As with family history, it is important to work back one step at a time and verify all information if possible.
Search back from the most recent to the earliest listed title. It is possible to work backwards from your present certificate of title to gain information about previous owners, mortgagees, etc. You will need to take note of the current volume and folio number of the title and then contact the Land Information Centre for further information on titles. There will be costs involved in this form of research.

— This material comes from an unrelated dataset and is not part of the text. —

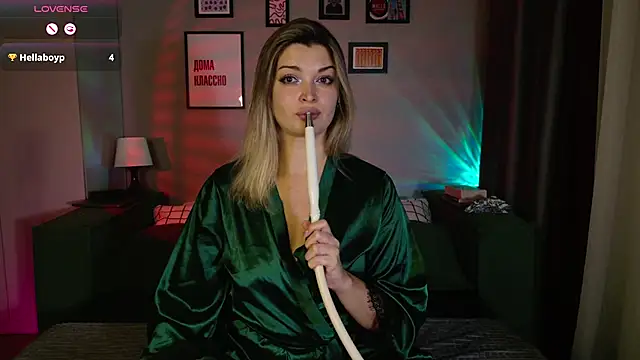 Snapshot of LancasterLady chatting on 10-18-25, 02:52 LancasterLady online show from 10-18-25, 02:52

Between 1839 and 1974, post office directories of Melbourne and Victoria were published by several companies, including Sands & Kenny, Sands & McDougall, Wise and Bailliere. Post office directories can be a useful source of information about the history of a house, as well as their more usual purpose of locating someone’s address. Generally, the directories providethe names, residences and occupations of the inhabitants.

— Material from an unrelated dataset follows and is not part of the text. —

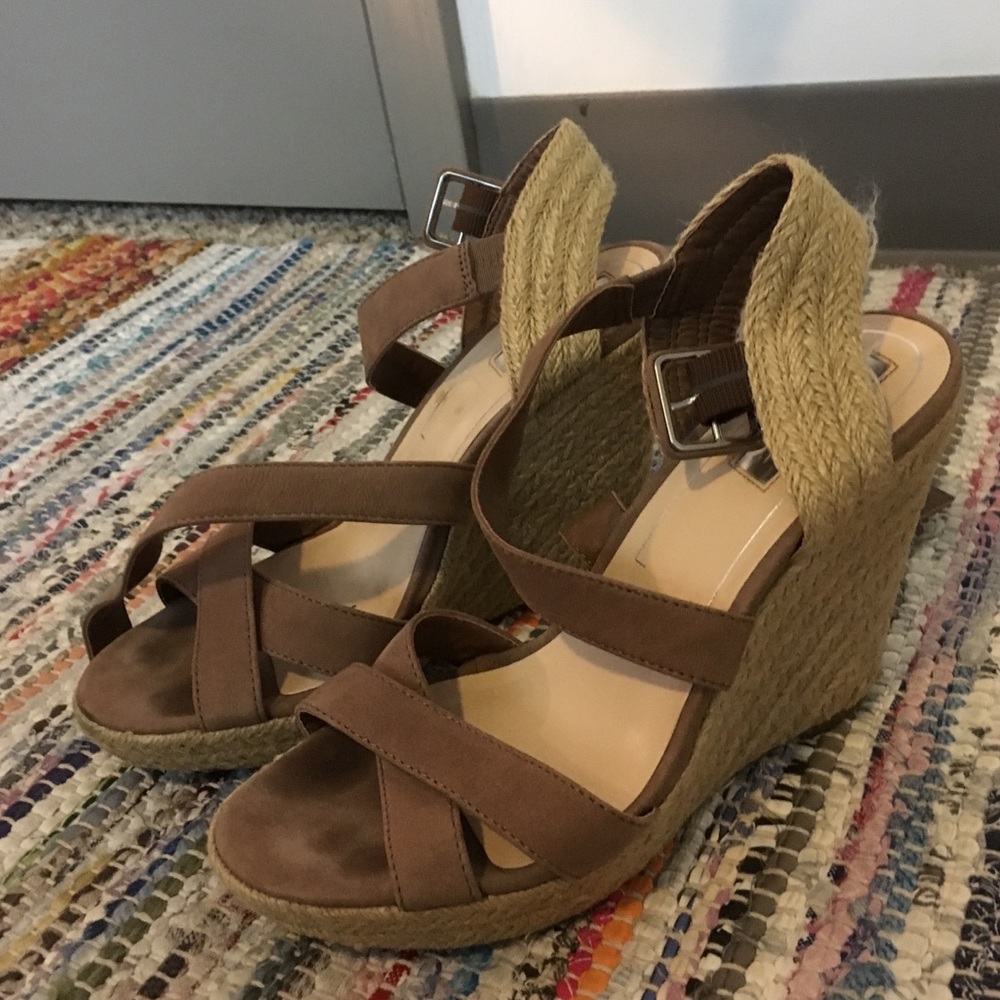 Jessica’s Simpson wedges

The aim of using the directories is to find out when a house is first listed on a particular site and who was living there at that time. When a house is first located in the directory, pinpoint the exact location of the property by noting nearby landmarks such as a school, church, police station and the nearest cross streets. By following through year after year, it should be possible to plot the changing owners of the house.
When using the directories be aware that the information may not always be accurate, and remember that street names and particularly street numbers can change over time. Melbourne directories are useful for properties in the early inner-city suburbs, but many parts of what is now suburban Melbourne are listed in earlier directories under Country Towns e.g. Ferntree Gully, Belgrave, Lilydale. Information for these areas is limited to just an alphabetical listing of householders.
All these Victorian directories have been published on microfiche and Eastern Regional Libraries has copies of them all. Complete listing of microfiche holdings and locations. Council rate books are a good source of information about the occupiers and valuation of a particular property. Information that may be contained includes:
A description of the property
Type of building material (timber, stone or brick
Owner and/or occupier
Occupations of owner and/or occupier
Rate books are not always easy to access and some are no longer available or accessible. Very old rate books may be fragile and some records have been lost or destroyed. Some rate books have been published in photocopied, microfiche, microfilm or CD-ROM format.
It is necessary to know the local government area in which the house was located as there have been many council amalgamations and changes over the year. Most rate books have not been indexed and are arranged by Ward or Riding, so it can often be a slow process to find the property you are searching for, but usually worth the effort in the end!